Ce texte de la Torah nous dit la Loi, à nous aussi ; il dit la condamnation que nous méritons. Et il faut bien que nous ayons entendu cette Loi. Car sans savoir ce que nous méritons, comment accueillir pour ce qu’elle est la parole de la grâce ?! Mais maintenant, à nous qui savons notre péché, notre infidélité, notre désobéissance, c’est bien la parole de la grâce qui est dite, et qui est première, car ce que Dieu donne, il le donne gratuitement, et l’appel d’Abraham, le choix d’Israël, sont venus avant la Loi de Moïse ! Or ce n’est pas seulement Abraham que Dieu a appelé, ce n’est pas seulement Israël qu’il a choisi, c’est moi, c’est vous. Et nous n’avions pour cela aucun mérite, rappelez-vous ce que je vous disais tout à l’heure… Notre généalogie, notre culture, notre histoire, les interventions de Dieu devant nous ou en nous, nos choix eux-mêmes, sont des cadeaux supplémentaires, pas des mérites ! Notre salut, notre communion avec Dieu, sont des « dons gratuits », offerts à cause de Jésus-Christ et reçus en lui par la foi. Or ces dons ne nous seront pas ôtés, quand bien même nous les oublierions, nous les laisserions de côté, nous ne nous en servirions pas, bêtement…

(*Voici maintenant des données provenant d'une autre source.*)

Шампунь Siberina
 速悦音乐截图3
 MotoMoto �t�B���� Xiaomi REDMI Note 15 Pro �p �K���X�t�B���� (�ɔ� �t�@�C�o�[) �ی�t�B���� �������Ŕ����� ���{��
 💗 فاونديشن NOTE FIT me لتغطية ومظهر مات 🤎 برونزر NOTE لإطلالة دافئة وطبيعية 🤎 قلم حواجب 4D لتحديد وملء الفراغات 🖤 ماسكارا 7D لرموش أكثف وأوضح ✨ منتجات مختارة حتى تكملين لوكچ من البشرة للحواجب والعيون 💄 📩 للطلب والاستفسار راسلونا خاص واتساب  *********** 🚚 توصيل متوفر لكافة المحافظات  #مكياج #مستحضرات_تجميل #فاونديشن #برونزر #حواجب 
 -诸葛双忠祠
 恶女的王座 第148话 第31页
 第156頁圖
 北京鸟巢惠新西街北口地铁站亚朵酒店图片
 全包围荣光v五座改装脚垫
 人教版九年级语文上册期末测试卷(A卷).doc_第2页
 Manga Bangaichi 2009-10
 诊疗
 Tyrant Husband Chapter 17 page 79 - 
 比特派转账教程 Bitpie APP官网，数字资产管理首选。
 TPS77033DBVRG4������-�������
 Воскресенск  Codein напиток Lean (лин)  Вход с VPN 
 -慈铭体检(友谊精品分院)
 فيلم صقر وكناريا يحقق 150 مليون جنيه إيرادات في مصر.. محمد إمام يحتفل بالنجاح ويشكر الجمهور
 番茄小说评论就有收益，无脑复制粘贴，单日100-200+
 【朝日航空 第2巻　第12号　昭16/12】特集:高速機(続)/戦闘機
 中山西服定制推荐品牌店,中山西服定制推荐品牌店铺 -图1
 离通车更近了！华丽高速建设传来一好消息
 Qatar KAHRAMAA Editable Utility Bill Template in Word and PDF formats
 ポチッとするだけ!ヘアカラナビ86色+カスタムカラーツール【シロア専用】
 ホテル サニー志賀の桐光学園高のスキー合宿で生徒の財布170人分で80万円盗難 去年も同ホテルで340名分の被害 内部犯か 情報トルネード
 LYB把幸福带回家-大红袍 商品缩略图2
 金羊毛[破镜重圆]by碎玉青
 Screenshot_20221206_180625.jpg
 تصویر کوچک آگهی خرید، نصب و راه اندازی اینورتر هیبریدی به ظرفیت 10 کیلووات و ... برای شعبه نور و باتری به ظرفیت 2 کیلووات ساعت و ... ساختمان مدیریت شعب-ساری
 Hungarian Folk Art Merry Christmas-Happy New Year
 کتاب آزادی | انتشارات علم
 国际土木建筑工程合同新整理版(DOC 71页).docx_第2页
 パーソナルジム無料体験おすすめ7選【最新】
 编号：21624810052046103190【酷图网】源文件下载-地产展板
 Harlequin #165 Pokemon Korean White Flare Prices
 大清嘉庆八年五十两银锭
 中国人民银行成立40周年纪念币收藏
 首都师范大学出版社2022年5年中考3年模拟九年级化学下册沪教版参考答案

Ainsi ce qui est écrit par Paul à propos d’Israël nous concerne-t-il nous aussi, et, en fait, nous tout court, car le mystère du salut d’Israël n’est pas entre nos mains, tandis que « les dons gratuits et l’appel de Dieu », oui. Or souvent, les uns ou les autres, nous pensons avoir démérité, avoir désobéi, que ce soit aux commandements ou à l’appel lui-même. Il suffit de réentendre le double commandement d’amour, avec lequel Jésus se moque du scribe, pour avoir bien conscience de nos manquements. Il suffit de regarder notre propre vie, il suffit de regarder l’état de notre Église… C’est alors que nous pouvons nous rappeler cette phrase de Paul. Car aujourd’hui encore, dans l’aujourd’hui de nos existences, elle reste vraie. C’est parce que nous sommes, parfois ou souvent, voire définitivement, pécheurs, infidèles, désobéissants, qu’il y a eu besoin d’écrire pour nous cette phrase, cette excellente nouvelle : Dieu ne reprend pas ce qu’il a donné, il ne révoque pas son appel, par lequel nous sommes devenus chrétiens.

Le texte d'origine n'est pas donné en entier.